[Opening RECORDS FOR THIS EXERCISE section]
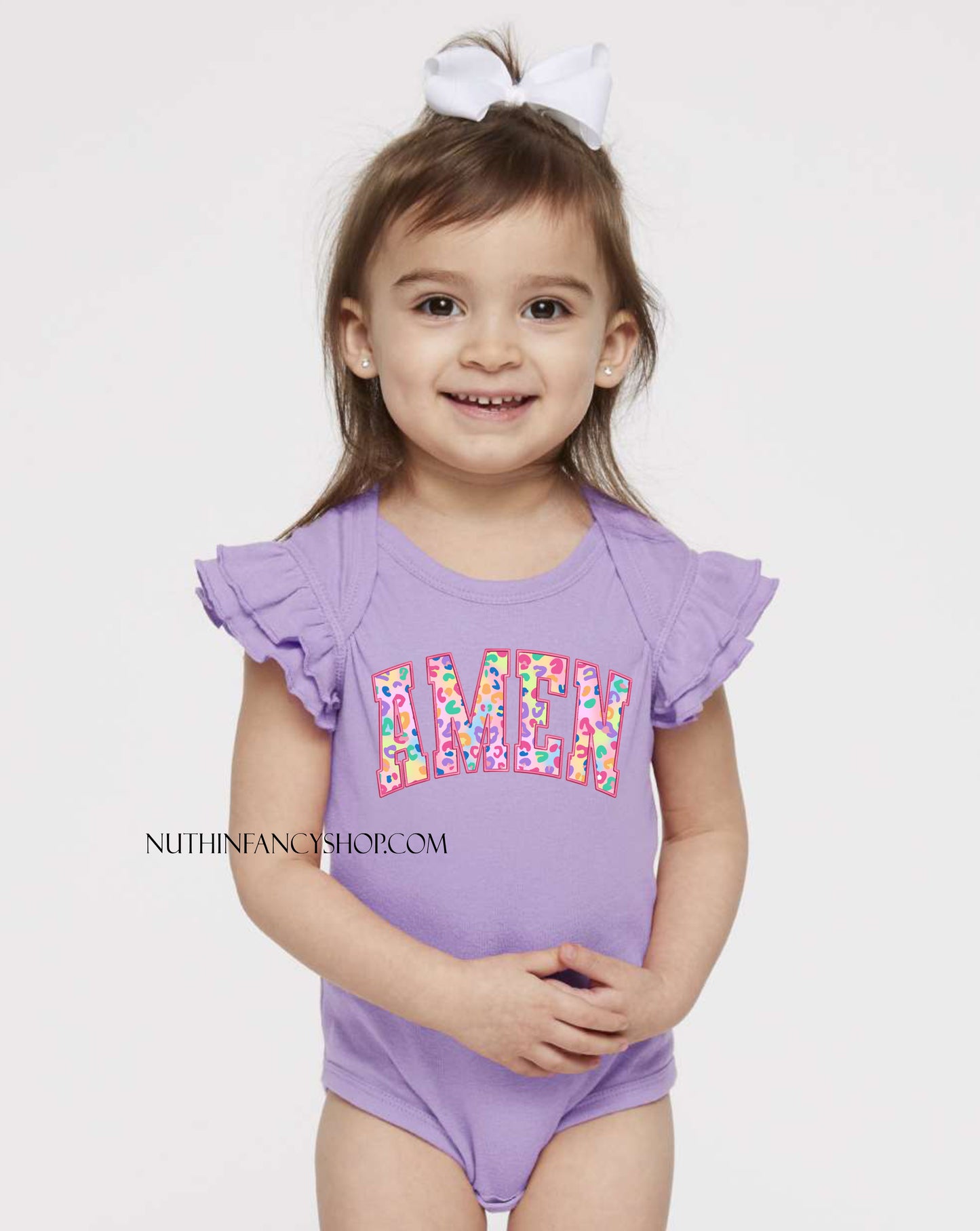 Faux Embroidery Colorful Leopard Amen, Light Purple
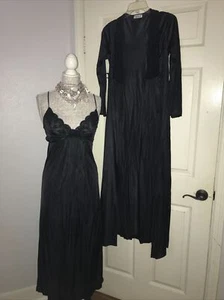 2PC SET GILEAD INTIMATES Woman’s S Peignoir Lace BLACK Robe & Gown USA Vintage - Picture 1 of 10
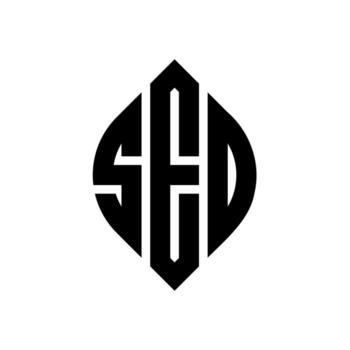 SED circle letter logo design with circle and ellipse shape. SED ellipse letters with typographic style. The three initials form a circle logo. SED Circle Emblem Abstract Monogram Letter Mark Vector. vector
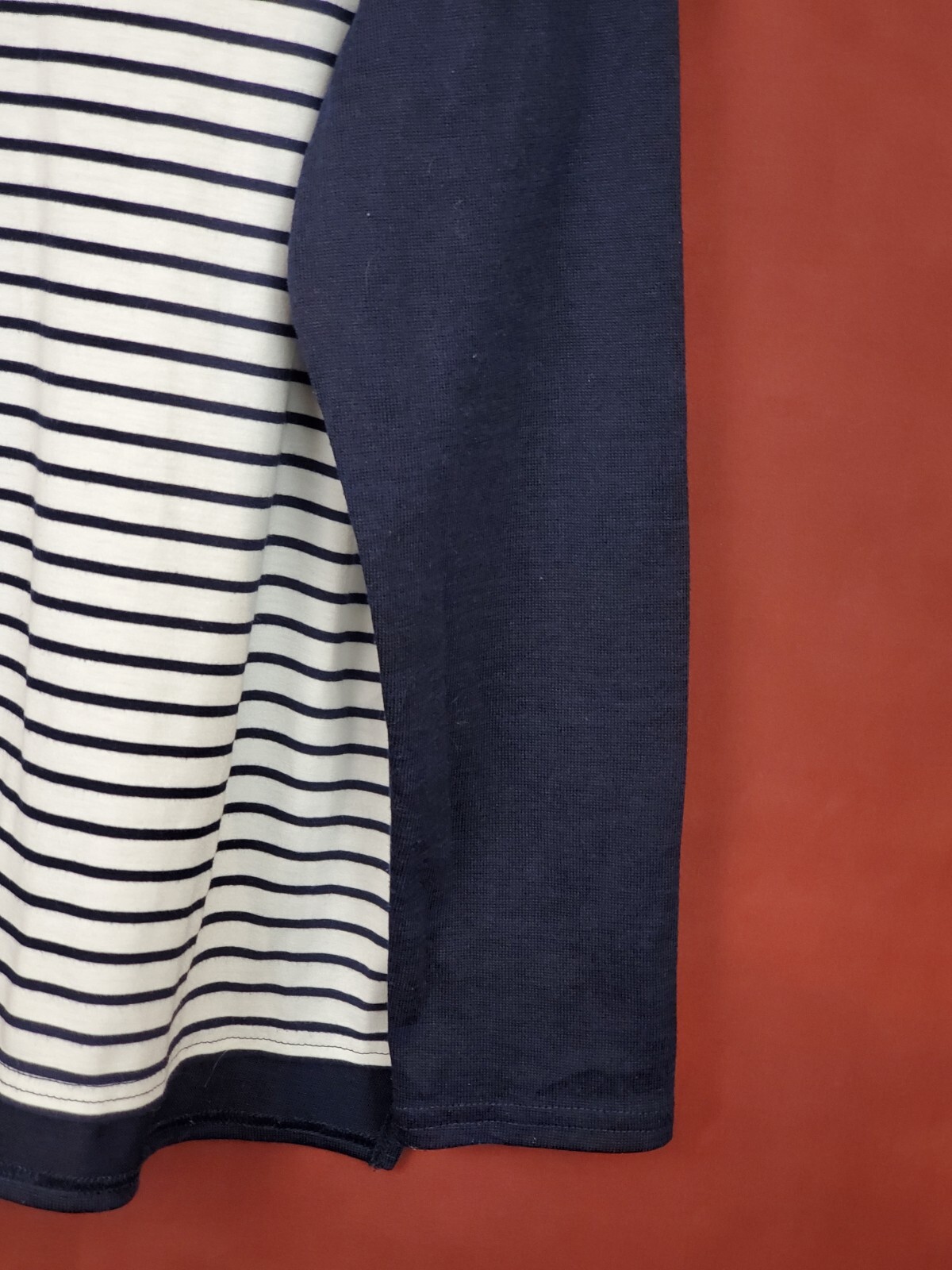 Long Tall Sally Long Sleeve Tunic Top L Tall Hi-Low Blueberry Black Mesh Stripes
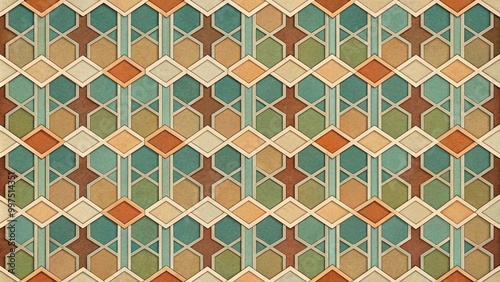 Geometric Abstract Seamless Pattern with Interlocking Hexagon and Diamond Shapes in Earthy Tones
[Closing RECORDS FOR THIS EXERCISE section]
▸ AIM OF THE EXERCISE
Repeat each record verbatim, pictures excluded.

▸ YOUR SOLUTION
 Faux Embroidery Colorful Leopard Amen, Light Purple
 2PC SET GILEAD INTIMATES Woman’s S Peignoir Lace BLACK Robe & Gown USA Vintage - Picture 1 of 10
 SED circle letter logo design with circle and ellipse shape. SED ellipse letters with typographic style. The three initials form a circle logo. SED Circle Emblem Abstract Monogram Letter Mark Vector. vector
 Long Tall Sally Long Sleeve Tunic Top L Tall Hi-Low Blueberry Black Mesh Stripes
 Geometric Abstract Seamless Pattern with Interlocking Hexagon and Diamond Shapes in Earthy Tones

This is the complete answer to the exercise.